◆ **Instructions to follow**
No pictures go in the copy; retype exactly the lines from the one with "Image 17/22 de Alfa Romeo 147 3.2 GTA (2004)" through the last line of the records.
_ _ _ _ _
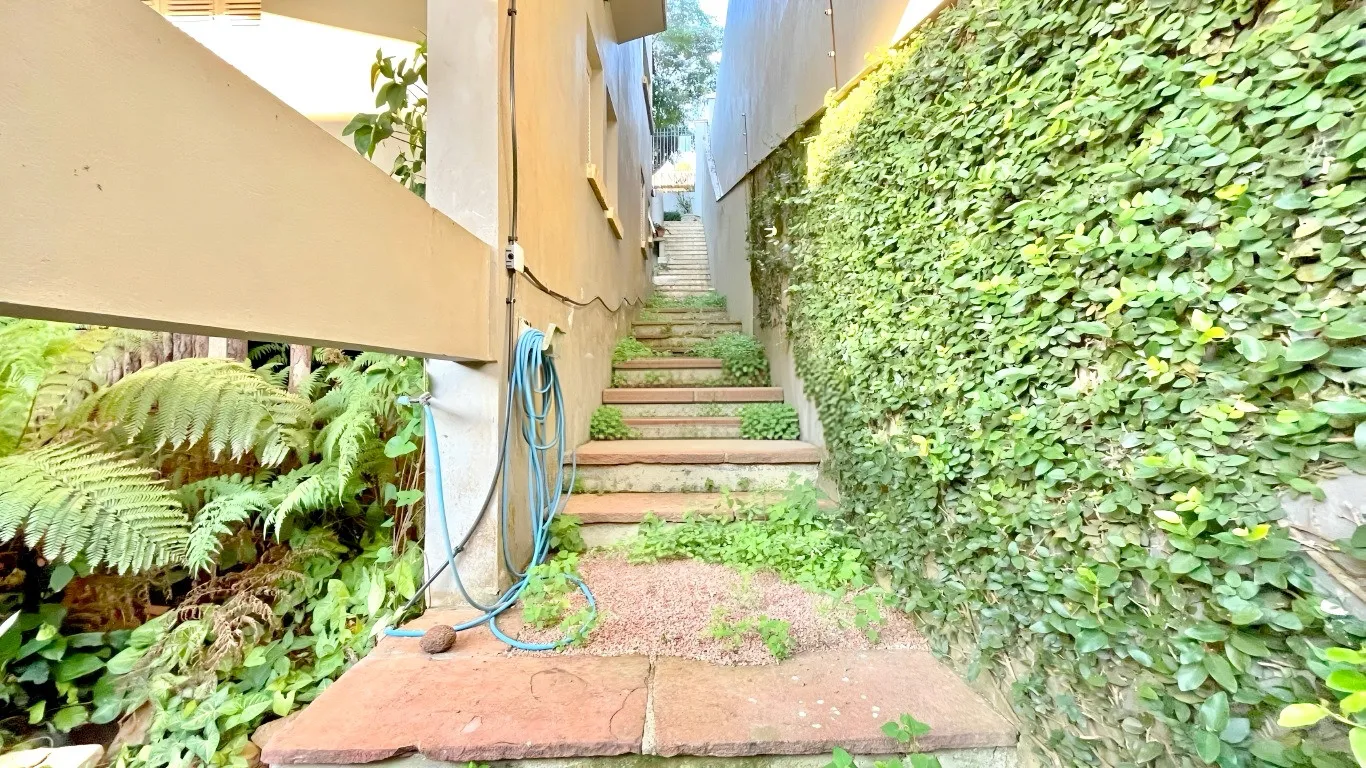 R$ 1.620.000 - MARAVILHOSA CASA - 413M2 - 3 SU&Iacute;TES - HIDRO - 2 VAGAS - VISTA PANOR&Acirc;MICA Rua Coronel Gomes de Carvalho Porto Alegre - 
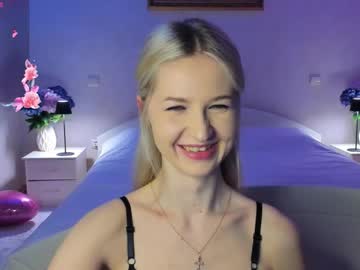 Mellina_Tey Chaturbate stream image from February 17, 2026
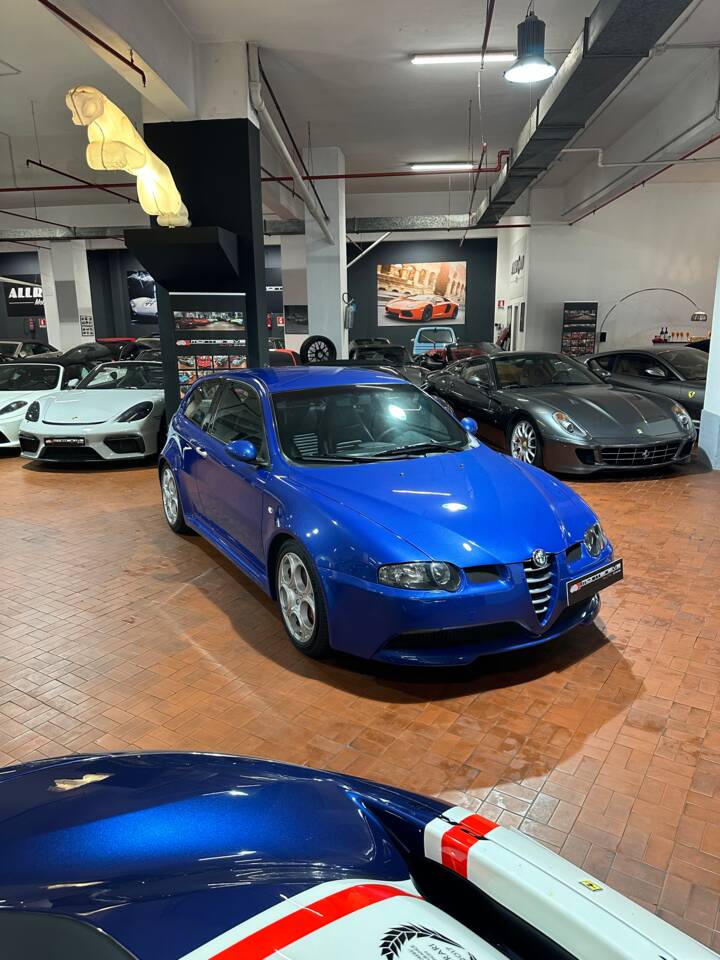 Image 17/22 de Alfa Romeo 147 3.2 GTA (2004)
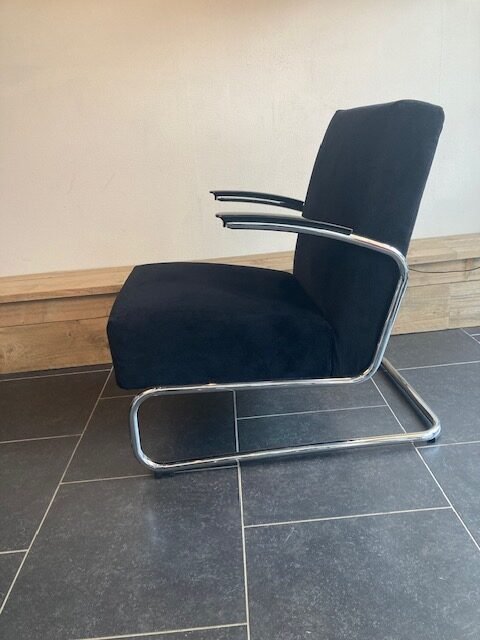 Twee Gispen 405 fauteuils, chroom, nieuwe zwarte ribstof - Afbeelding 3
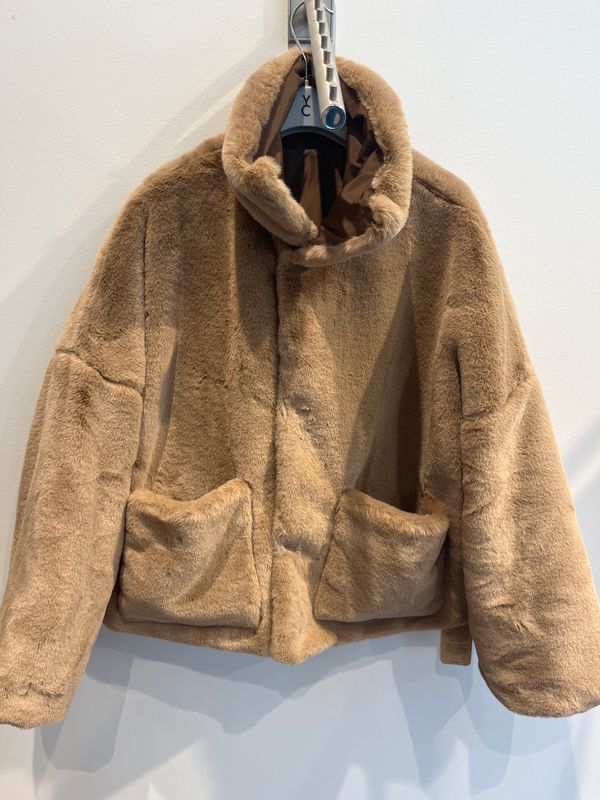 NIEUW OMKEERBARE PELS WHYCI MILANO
_ _ _ _ _
◆ **Solution to the exercise**
 Image 17/22 de Alfa Romeo 147 3.2 GTA (2004)
 Twee Gispen 405 fauteuils, chroom, nieuwe zwarte ribstof - Afbeelding 3
 NIEUW OMKEERBARE PELS WHYCI MILANO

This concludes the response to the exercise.